Source data
---+---

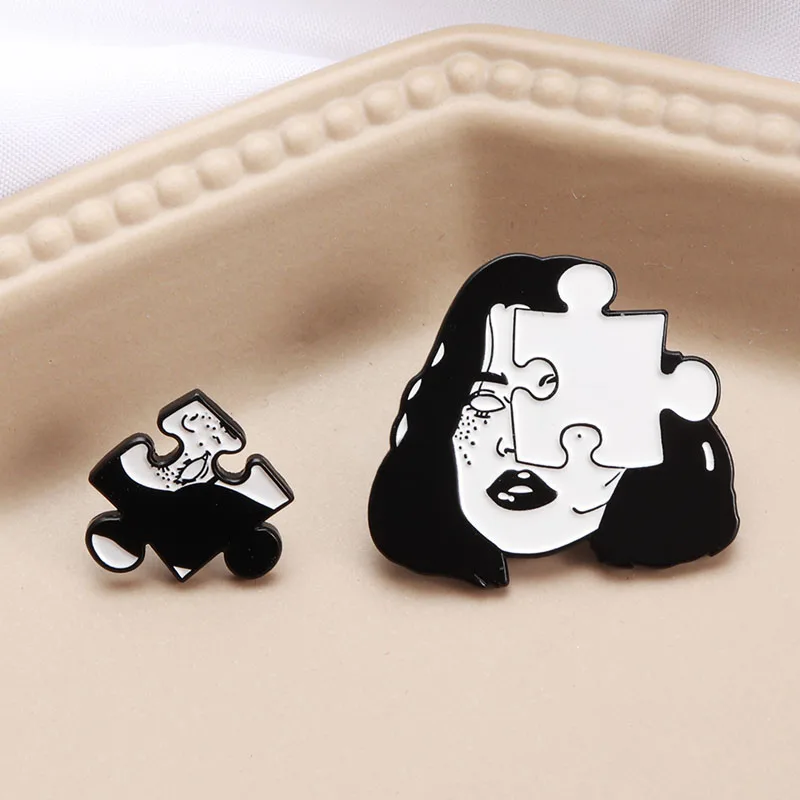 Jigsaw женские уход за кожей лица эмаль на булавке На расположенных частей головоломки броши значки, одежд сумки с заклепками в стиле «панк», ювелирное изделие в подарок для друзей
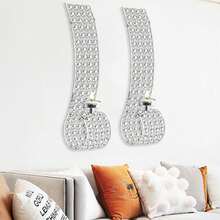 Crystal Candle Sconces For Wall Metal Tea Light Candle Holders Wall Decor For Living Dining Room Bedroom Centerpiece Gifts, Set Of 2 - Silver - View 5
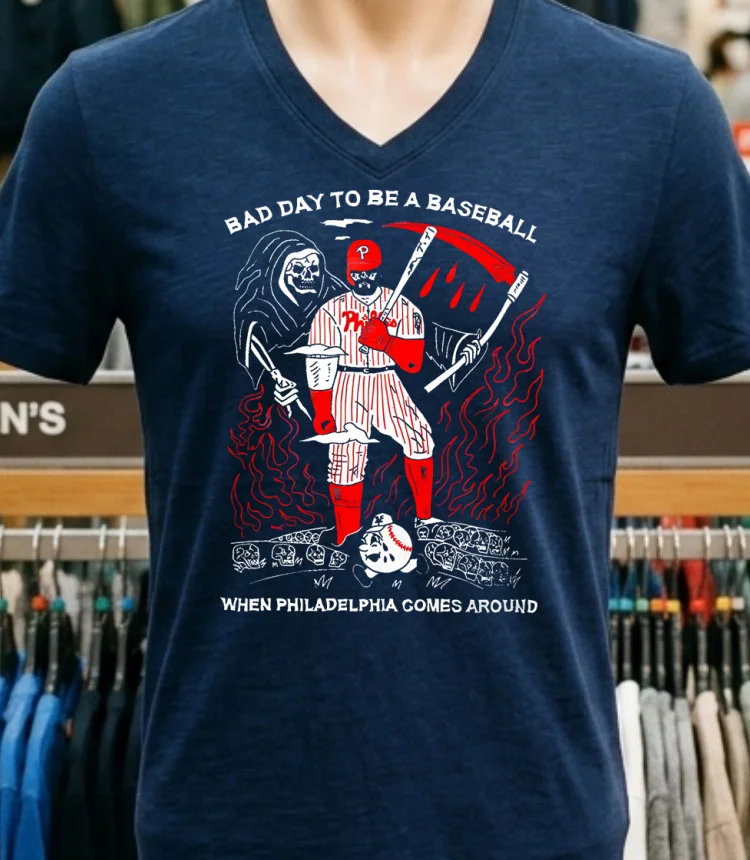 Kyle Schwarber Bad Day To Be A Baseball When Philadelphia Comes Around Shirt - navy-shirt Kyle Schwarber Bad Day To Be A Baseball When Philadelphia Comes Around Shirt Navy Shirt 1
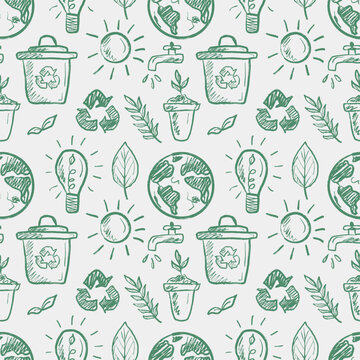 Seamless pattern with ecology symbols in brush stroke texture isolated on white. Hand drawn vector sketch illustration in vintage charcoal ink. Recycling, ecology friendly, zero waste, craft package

---+---

Exercise instructions
The data must be repeated exactly. Any pictures in it are to be left out.

Solution for this exercise
 Jigsaw женские уход за кожей лица эмаль на булавке На расположенных частей головоломки броши значки, одежд сумки с заклепками в стиле «панк», ювелирное изделие в подарок для друзей
 Crystal Candle Sconces For Wall Metal Tea Light Candle Holders Wall Decor For Living Dining Room Bedroom Centerpiece Gifts, Set Of 2 - Silver - View 5
 Kyle Schwarber Bad Day To Be A Baseball When Philadelphia Comes Around Shirt - navy-shirt Kyle Schwarber Bad Day To Be A Baseball When Philadelphia Comes Around Shirt Navy Shirt 1
 Seamless pattern with ecology symbols in brush stroke texture isolated on white. Hand drawn vector sketch illustration in vintage charcoal ink. Recycling, ecology friendly, zero waste, craft package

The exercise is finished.